ボール回しで汗を流す小林(右)=千葉県内
ボール回しで汗を流す小林(右)=千葉県内


 昨季は度重なるけがに苦しみ、年末の代表候補ミーティングではハリルホジッチ監督から「どうして私が(代表に)呼ぼうとするといつもけがをするんだ」と皮肉られていたという。

 今季はキャンプから好調を維持し、リーグ戦では開幕から2戦3発。万全のコンディションで招集に応じた。

 「チームで結果を残すことが代表入りにつながる。裏への飛び出しやハードワークをもっと強く、速く、極めていければ、代表でもやれる」

斎 藤 心地いい緊張感


 候補合宿ではあるが、慣れ親しんだ代表ジャージーを着るのはワールドカップ(W杯)ブラジル大会以来、約2年ぶり。昨季はJ1で自己最多7得点をマークし、返り咲きを果たした斎藤(横浜M)は「メンバーも全然違って、新鮮な気持ちで臨んでいる。ハリルホジッチ監督のサッカーを理解したい」と、久々の緊張感が心地いい様子だ。

 ワンタッチやツータッチでボールを回す練習は、所属する横浜Mが志向している速い攻撃と共通する点もあるという。実戦形式では不慣れな右サイドでプレーしたが、ゴール前までたびたび顔を出し、鋭いシュートも放った。


攻撃の連係を確認する斎藤=千葉県内
攻撃の連係を確認する斎藤=千葉県内


 欧州組も加わるFW陣の争いは最も激しく、猛アピールが必要な立場。
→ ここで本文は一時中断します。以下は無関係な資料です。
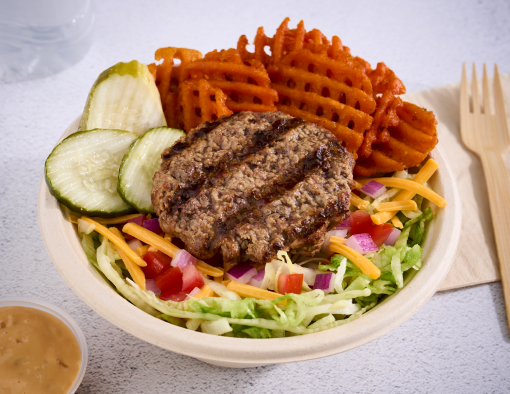A bowl with a beef patty on shredded lettuce, onions, tomatoes, sliced pickles and sweet potato fries topped with sauce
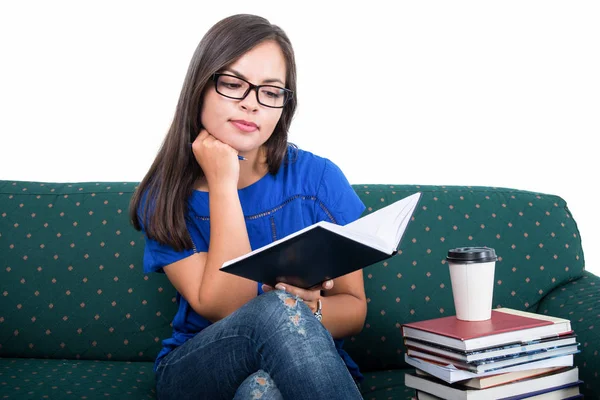 Studentin sitzt auf Couch und liest aus Notizbuch — Stockfoto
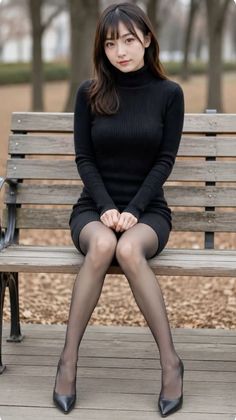 Woman in a black turtleneck dress and pantyhose sitting on a park bench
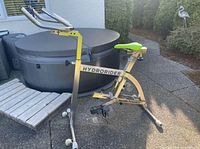 Left side profile of Hydrorider Aquabike showing frame, branding, seat, handlebars and base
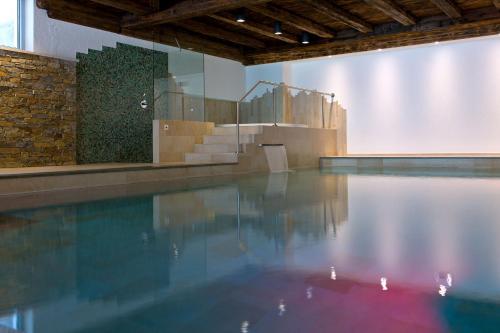 a swimming pool in a building with a staircase at Hotel Waldruhe in Gsies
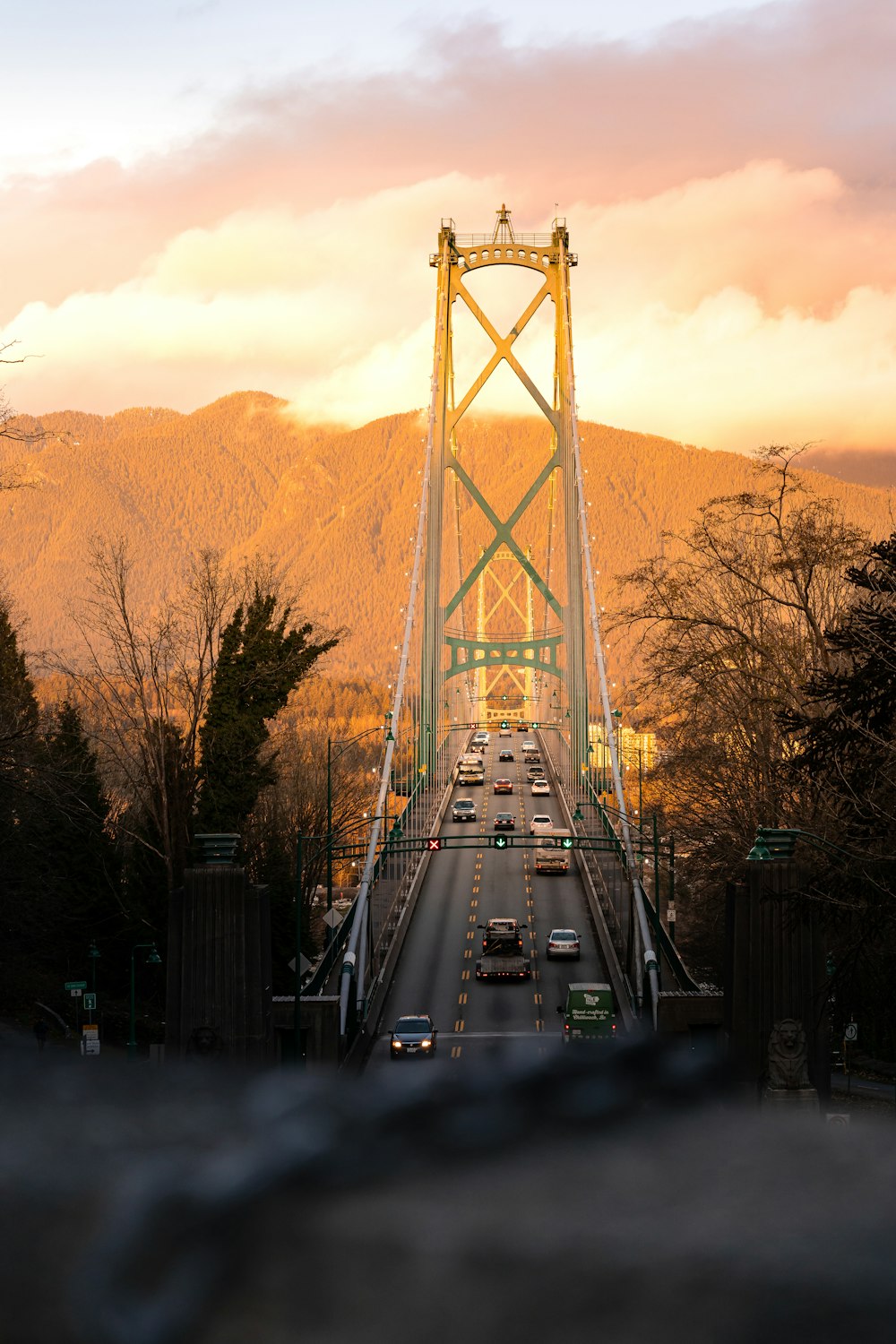 a view of a bridge over a road with mountains in the background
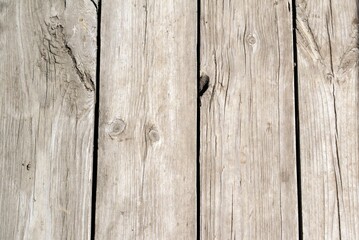 The texture of the old floorboard.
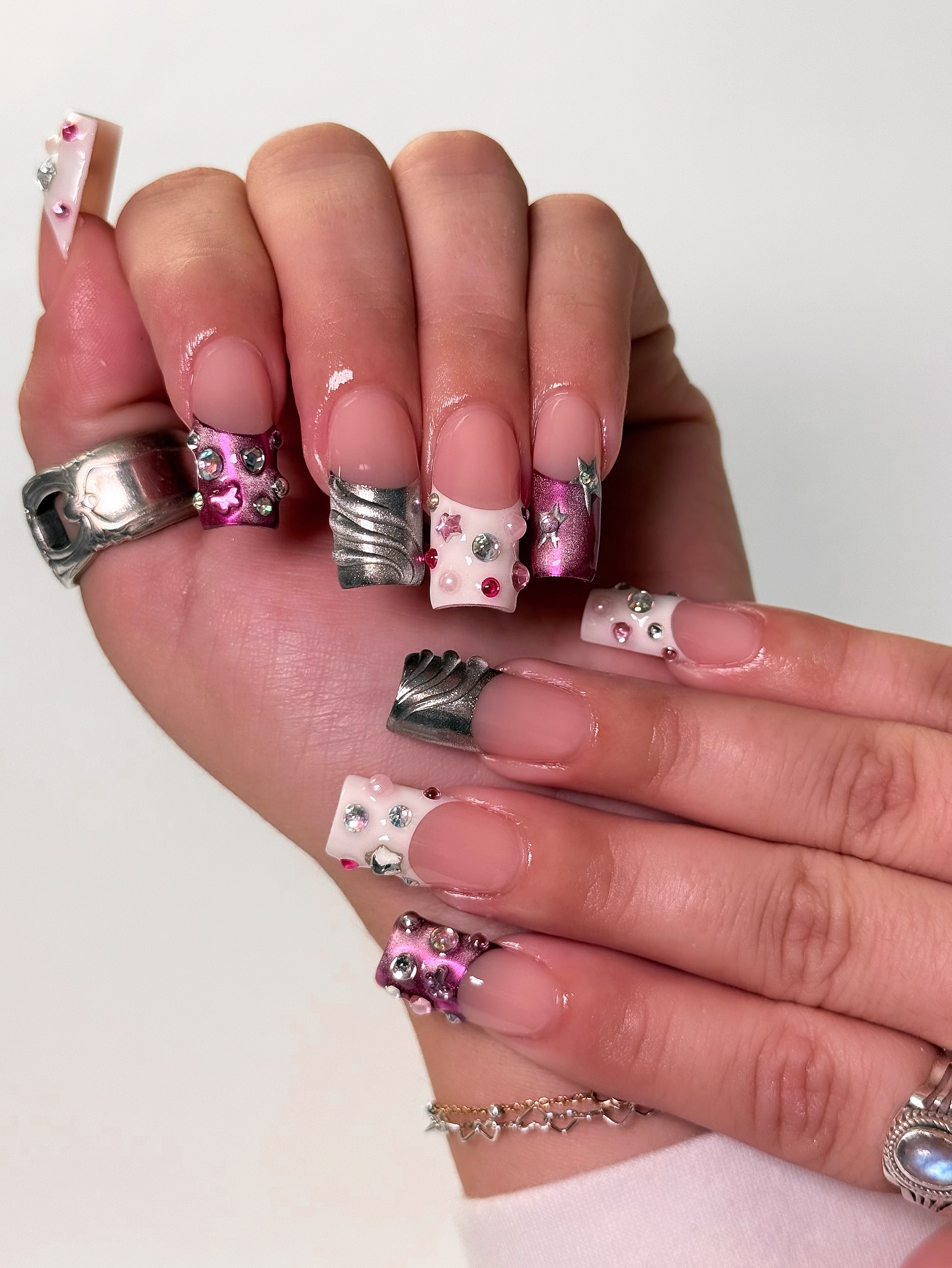 Square French tip nails in pink with silver chrome accents, metallic tips, and scattered rhinestones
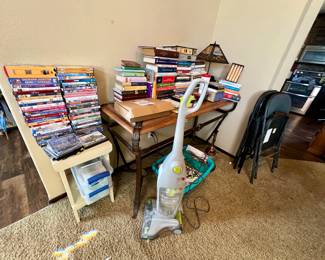 DVDs, Books, vacuum, entry table, and small table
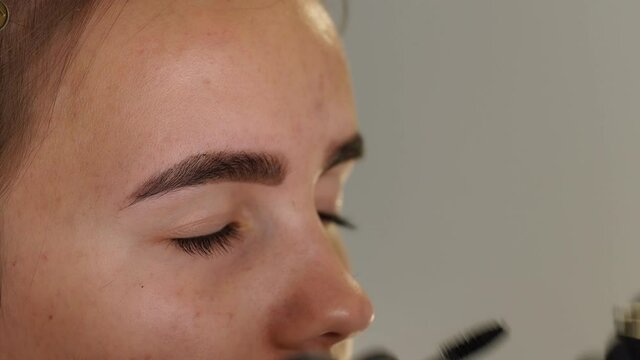 Professional styling, correction and lamination procedures of girl eyebrows in beauty salon. Closeup view of client face and stylist's hands working in gloves. Master removes hair using tweezers.
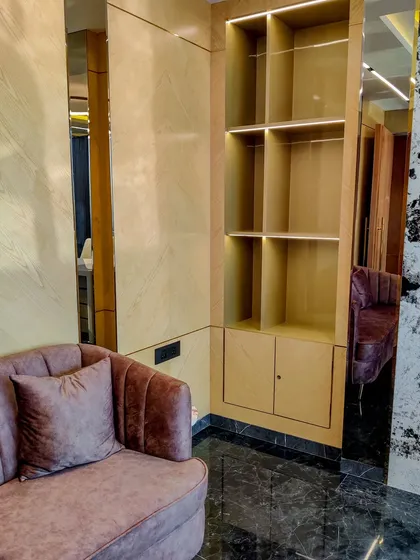 A custom-built shelving unit with integrated lighting, designed for a director's cabin. The combination of wood-grain laminate and mirrored panels creates a sense of space and elegance.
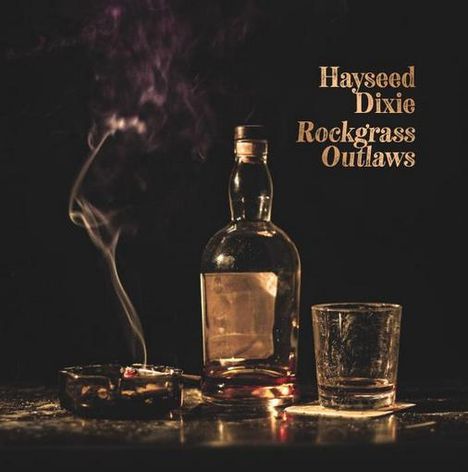 Text: "Hayseed Dixie Rockgrass Outlaws". Eine Flasche, ein Glas und ein Aschenbecher mit brennender Zigarette.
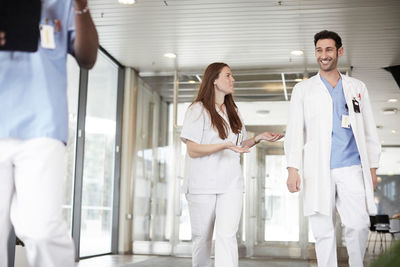 Smiling young healthcare workers discussing while walking in lobby at hospital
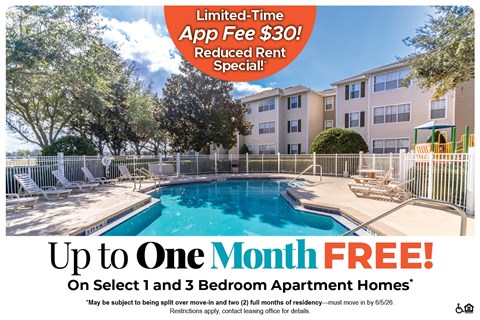 A pool and patio area of apartment complex with a sign offering a free month on select 1 and 3 bedroom apartments.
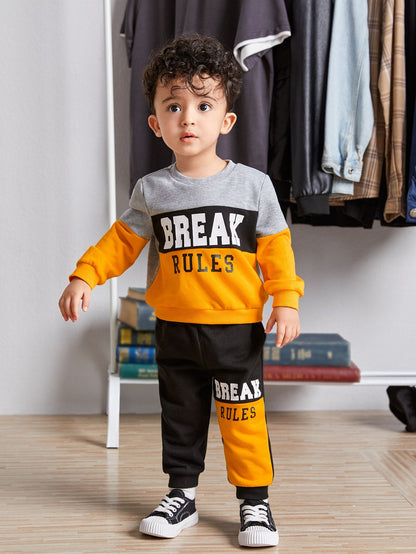 a little boy standing in front of a rack of clothes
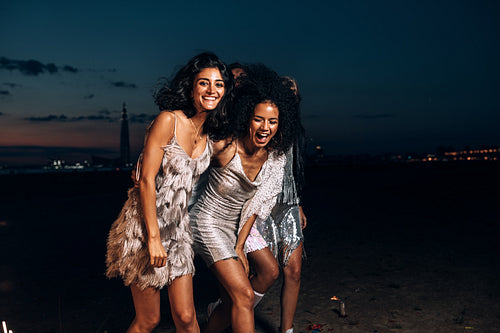 Laughing friends walking together at night outdoors looking at camera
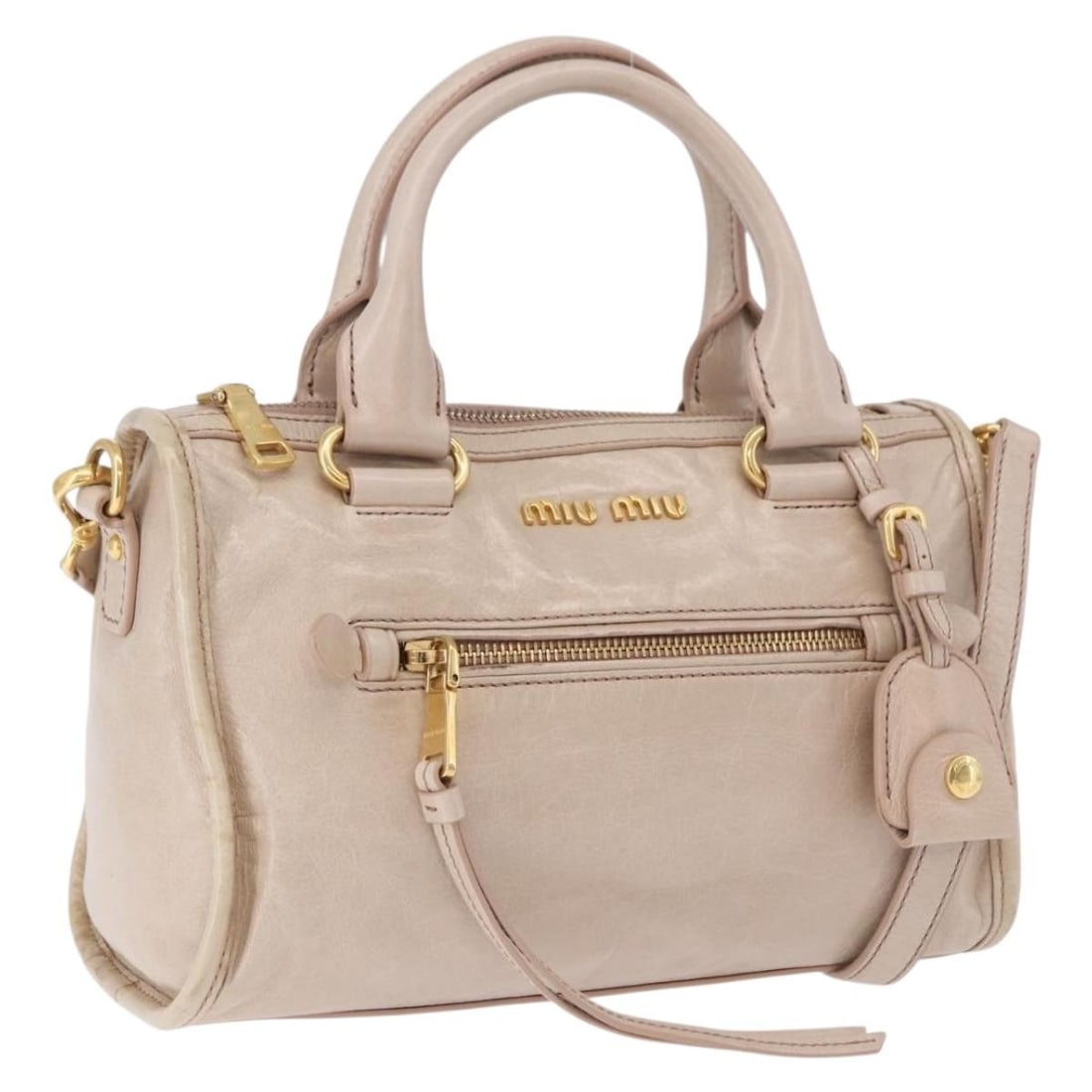 Miu Miu Leather 2way Hand Bag Beige with Gold Tone: Miu Miu Leather 2way Hand Bag Beige with Gold Tone Miu Miu 2-way handbag in beige leather with gold-tone accents. Designed for women and made in Italy, this bag includes a clochette and shoulder strap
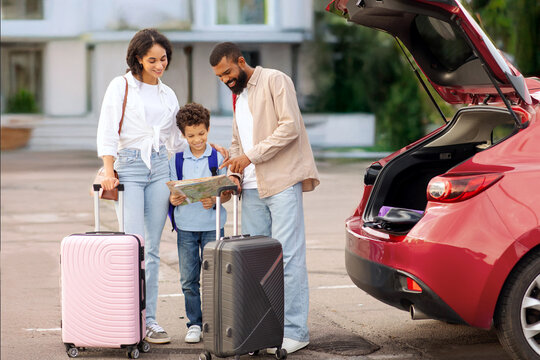 Family of three ready for the travel for vacation, standing with suitcases and paper map near car, father and son discussing and planning route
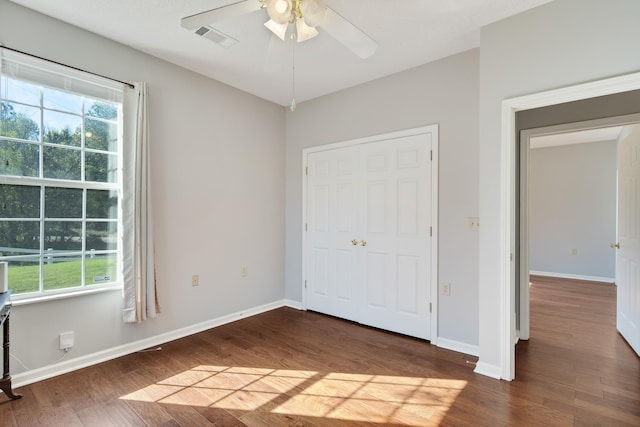 unfurnished bedroom featuring dark wood-type flooring, a closet, and ceiling fan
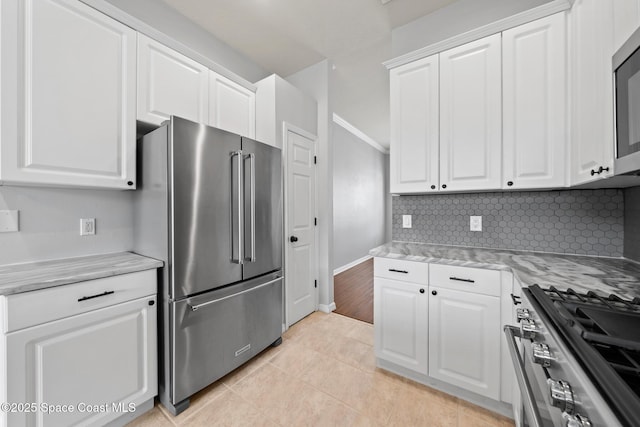 kitchen featuring light tile patterned floors, appliances with stainless steel finishes, decorative backsplash, white cabinets, and light stone counters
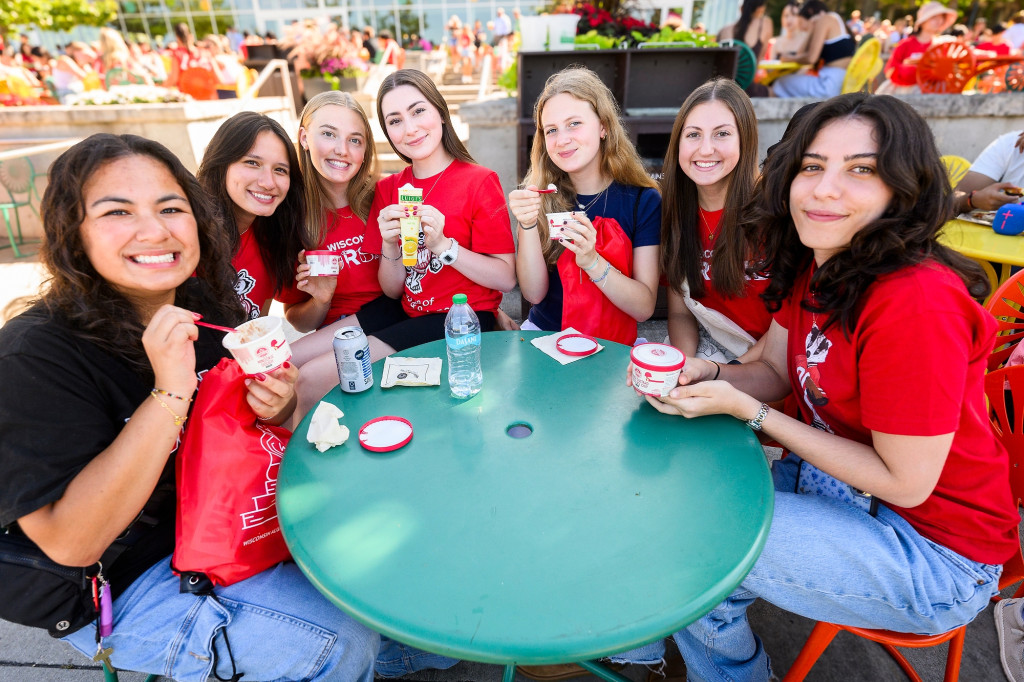 A group of students gather around a table.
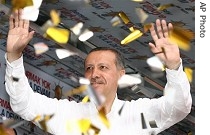 Recep Tayyip Erdogan salutes supporters of his Justice and Development Party during election rally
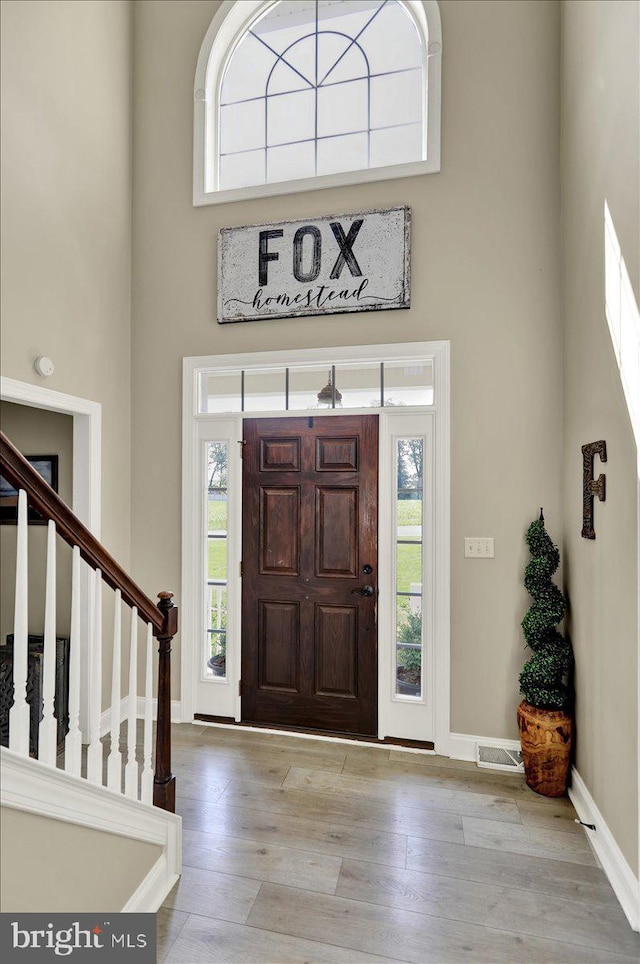 35 Krall Rd, Myerstown, PA 17067 - entrance foyer featuring a high ceiling, wood finished floors, stairs, and baseboards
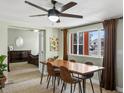 Bright dining area with wood floors, a modern ceiling fan, and large windows offering natural light and neighborhood views at 6640 Grove St, Denver, CO 80221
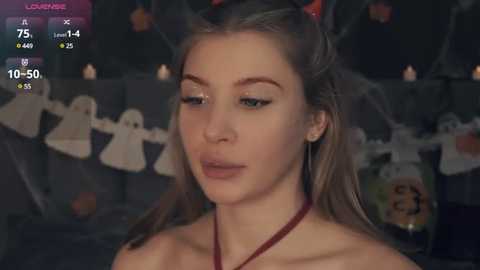 Media: Video of a young woman with fair skin, long blonde hair, wearing a red necklace and a devil horns headband. Background shows Halloween decorations.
「もう若くない」と語る25歳は「右左は関係なく、もっとプレーで違いを出さないと駄目。定着するため、自分のプレーを高めたい」と、口元を引き締めていた。

「自分の良さ出す」


 「初めて学ぶことも多いが、やりたいことは徐々に分かってきた」。代表候補初招集の車屋(川崎)は2日目にして手応えをつかんでいる様子だった。

 この日は左サイドバックに入り、周囲との連係を確認。ハリルホジッチ監督からはノーファウルでボールを奪うことの重要性などを説かれた。「攻撃も大事だけれど、ディフェンスの力が一番大事。これから(所属する)チームに帰っても意識してほしいと言われた」という。

 粘り強い守備だけでなく、縦への突破力も持ち味のDFだが「今は戦術を理解する段階。理解した上で自分の良さを出していきたい」と焦りはなかった。